Historiadores são profissionais que gozam há muito tempo de certo prestígio em países mais desenvolvidos. Nesses tempos cada vez mais aceler...
Historiadores são profissionais que gozam há muito tempo de certo prestígio em países mais desenvolvidos. Nesses tempos cada vez mais acelerados e incertos, onde as pessoas facilmente se esquecem da onde vem e pra onde vão, eles são os intérpretes chamados para colocar as coisas nos seus devidos lugares. Infelizmente, esses profissionais não têm o mesmo status em se tratando de Brasil. Mas também teriam muito a ensinar.
Mesmo no nosso caso, em que falta o reconhecimento, o historiador pode ao menos contar com uma satisfação pessoal: por pesquisar as diversas sociedades no espaço e no tempo, ele tem consciência de que, assim como os demais contemporâneos seus, é fruto de sua época. Ele tem as suas ideias, as suas opiniões, seu comportamento e seus gostos fortemente influenciados pela cultura e pela sociedade em que vive, naquilo que alguns historiadores alemães chamavam de Zeitgeist, ou “o espírito de uma época”. O historiador sabe que se ele vivesse em outro tempo, em outra cultura, suas convicções seriam um tanto diferentes. E por ter essa consciência, ele tem uma vantagem sobre as demais pessoas: ele pode tentar superar essa influência, imaginar como seria se ele pudesse ver a sua sociedade de fora, como um cientista que olha seu objeto de pesquisa no microscópio. E o que ele percebe olhando para seu próprio tempo, é que muitas das ideias, instituições e situações que a grande maioria das pessoas vê como naturais, por estarem intimamente mergulhadas na realidade a ponto de não entendê-las, na verdade é uma conjuntura histórica, uma construção, algo que foi criado e que por diversas razões, passou a ser dominante.
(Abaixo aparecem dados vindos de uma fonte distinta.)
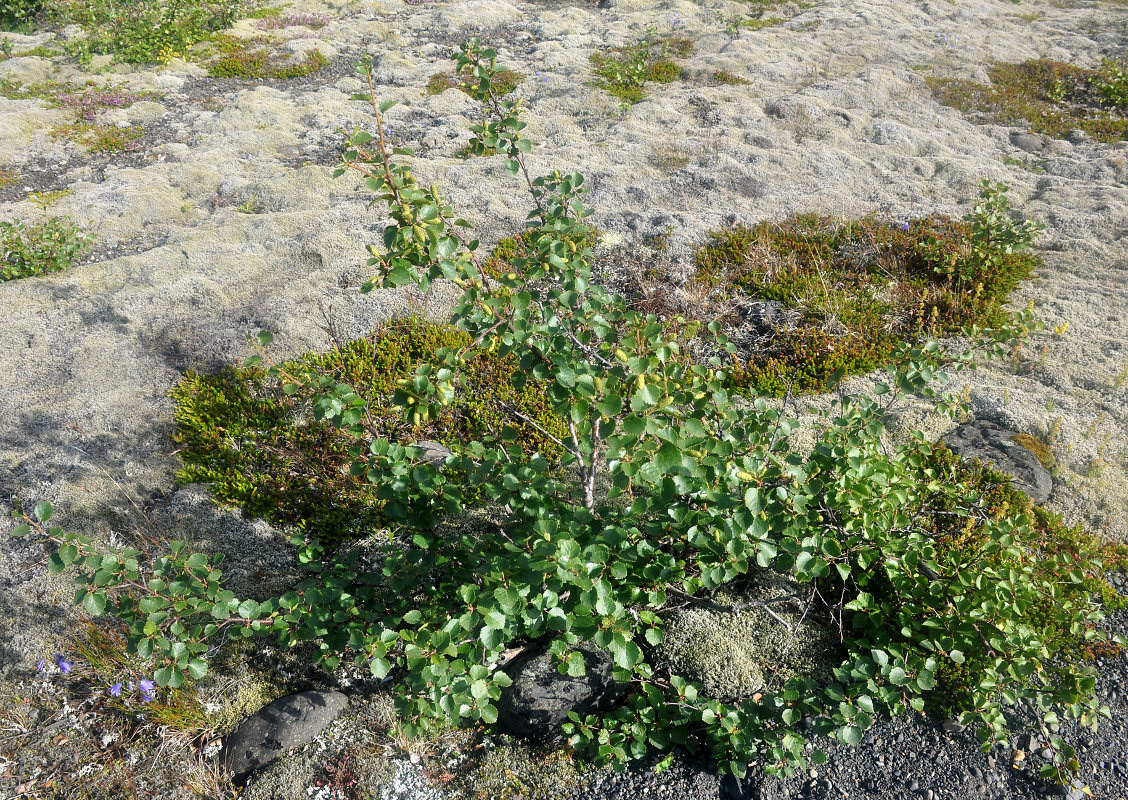 Image of genus Betula specimen.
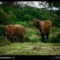 Forest Elephant Pair, Gabon, 2003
Duas dessas circunstâncias do nosso tempo são a religião e o capitalismo.
Seria complexo demais falar sobre estes dois importantes sistemas em poucas linhas, mas de forma sucinta, o que nos interessa não é a religião e o sistema econômico em si, mas só fato de que as pessoas pensam que eles são naturais, que sempre houve deus e dinheiro, que essa é a única forma de viver, e as coisas sempre foram assim. Esse que é o grande problema.
Quando o sistema começa a entrar em crise, como assistimos agora com os estragos incríveis provocados no planeta em diversos setores, temos dificuldade de propor respostas, porque não conhecemos alternativas. Tudo no que pensamos são em “reformas” — as religiões estão cheias delas — e não em superação. Falamos hoje em “capitalismo verde”, um paradoxo tão absurdo quanto “estupro à luz de velas”.
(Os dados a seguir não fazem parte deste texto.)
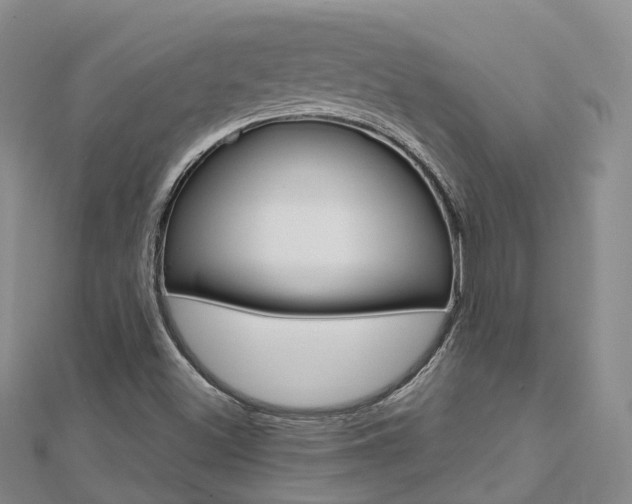 X0000112741500200908201023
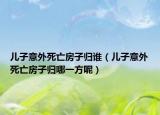 兒子意外死亡房子歸誰（兒子意外死亡房子歸哪一方呢）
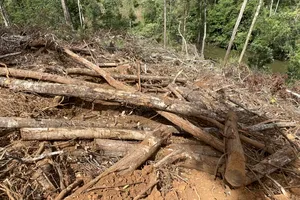 Vụ phá 1,9 ha rừng ở Bảo Lâm: Khởi tố, bắt tạm giam Thanh “Hương rừng”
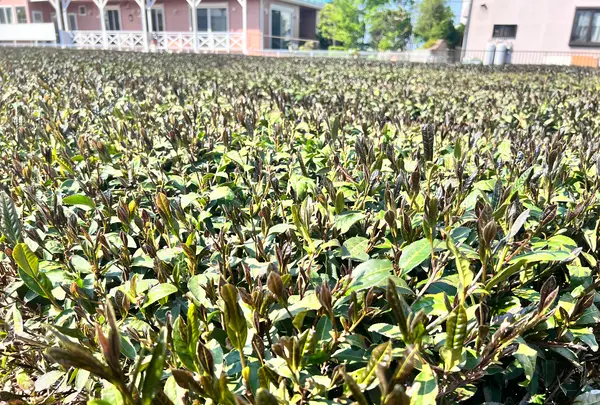 宮野園の写真・動画_image_515533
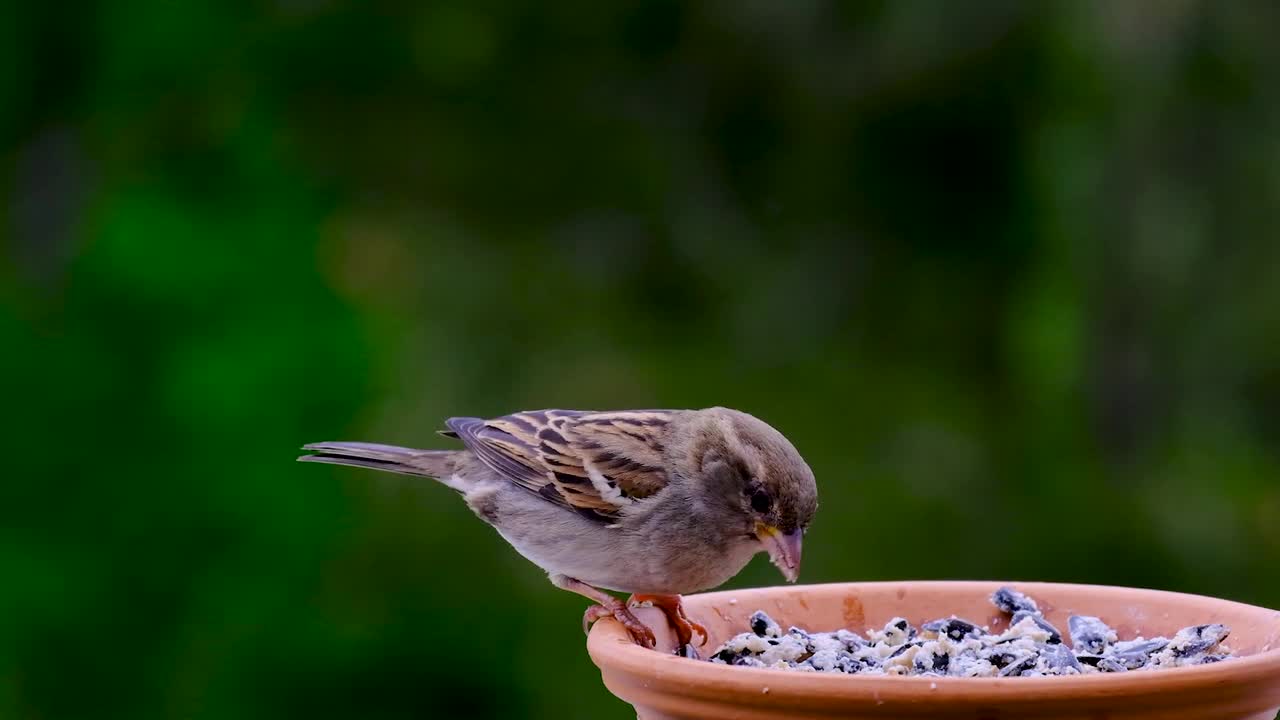 Birds love 💕 video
Penso que só poderemos sair dessa apatia ante o colapso econômico do mundo e o irracionalismo humano quando, tal como os historiadores, formos conscientes do nosso tempo histórico. Quando aprendermos que nada é natural, que nada está aí pra sempre, que tudo pode ser mudado com vontade, por pior que seja, aí estaremos aptos a pegar nosso destino pelas mãos. Parece que algumas lições da história foram esquecidas e precisam ser reaprendidas.